LETTERS FROM IWO JIMA, der komplett auf Japanisch gedreht und mit Untertiteln veröffentlicht wurde, portraitiert die meisten der im Tunnelsystem der Insel gefangenen Soldaten als Opfer der japanischen Militärmaschinerie. Einer von ihnen wurde nach Iwo Jima versetzt, nachdem er sich geweigert hatte während einer nächtlichen Patrouille den Hund einer Familie zu erschießen, dessen Kläffen seinen Vorgesetzten störte. Die lange überlegte Entscheidung eines anderen Soldaten zu desertieren bereitet der Film dramaturgisch sorgfältig vor. Immer wieder rückt das mit unprätentiösen Mitteln ausgedrückte Gefühl der Ausweglosigkeit in den Mittelpunkt. Die Angst auf Grund einer Befehlsverweigerung das Leben zu verlieren oder die schiere Hilflosigkeit gegenüber dem von anderen Soldaten stur ausgeführten Kamikaze-Befehlen schildert letters from iwo jima auf zurückhaltende und ausgesprochen konsequente Weise.

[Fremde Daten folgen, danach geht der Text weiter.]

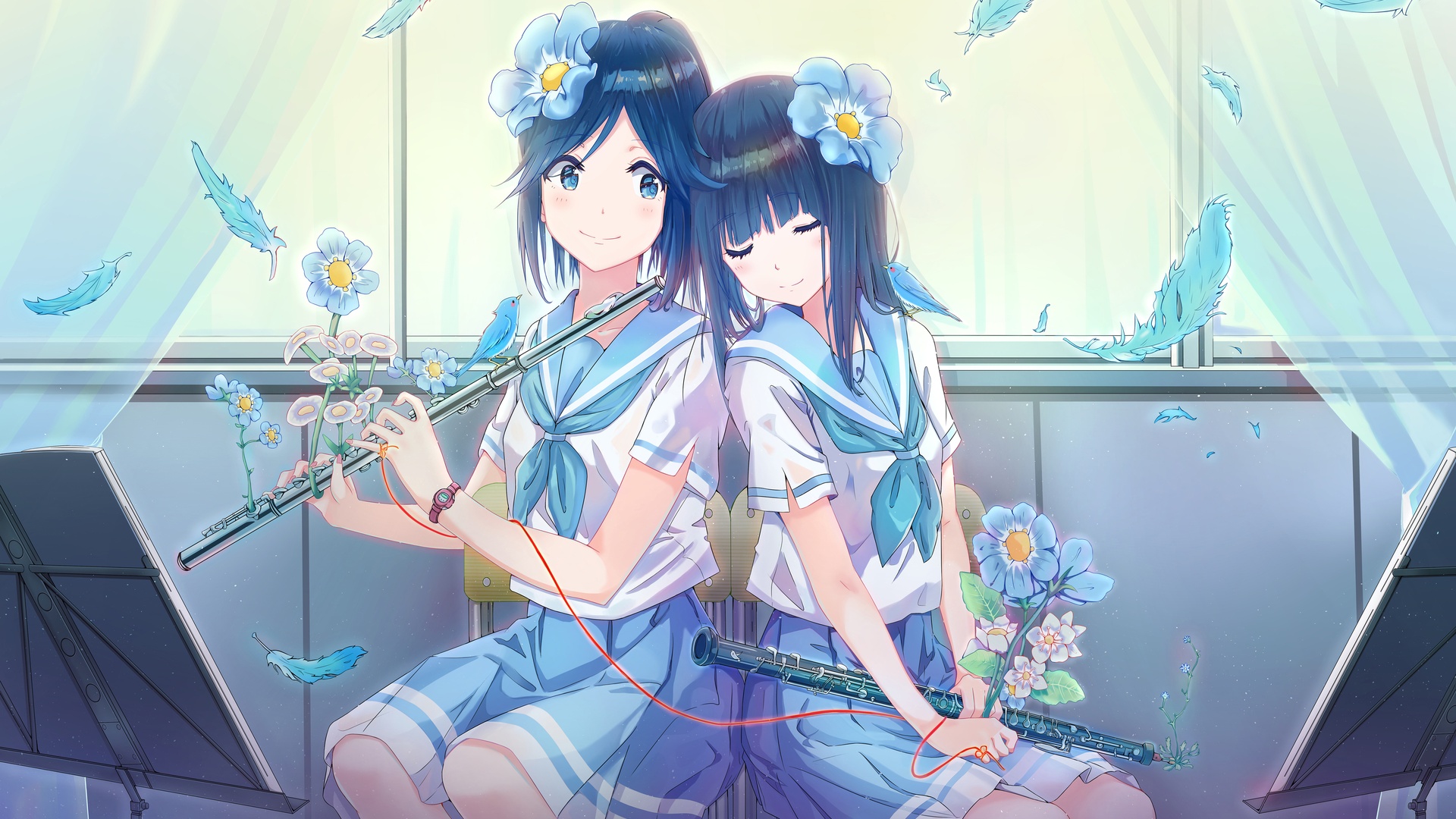 日系二次元插画，两名身着蓝白水手服的动漫少女在音乐教室靠窗位置，其中一人手持银色长笛，窗边点缀蓝色小花，飘着浅色羽毛与细碎光斑，整体为浅蓝奶白淡紫的清新冷色调。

Lediglich der Sub-Plot um einen jungen Bäcker und Familienvater lässt einen schwachen Hoffnungsschimmer in einem sonst überwiegend pessimistischen und desillusionierenden Film. Durch die Struktur des Ensemble-Films vermeidet es Eastwood geschickt sich auf eine einzelne Position festzulegen und umgeht gezielt Heroisierung oder ästhetizistisches Untergangspathos. Der Regisseur, der einst dirty harry war, hat seinem stets ausbaufähigen Alterswerk einen weiteren imposanten Eintrag hinzugefügt. Angesichts der beiden sich unmittelbar ergänzenden, ambitionierten Filme über den Krieg im Pazifik kann man sich kaum mehr vorstellen, dass der gleiche Auteur Mitte der 1980er Jahre für das zweischneidige Mobilmachungsspektakel heartbreak ridge verantwortlich zeichnete. Mit flags of our fathers und letters from iwo jima gelang ihm eine unaufgeregte und einfühlsame Studie über historisch entscheidende Kriegsereignisse aus der Sicht von Einzelschicksalen, die auf engagierte Weise einseitige Darstellungen des Classical Hollywood korrigiert.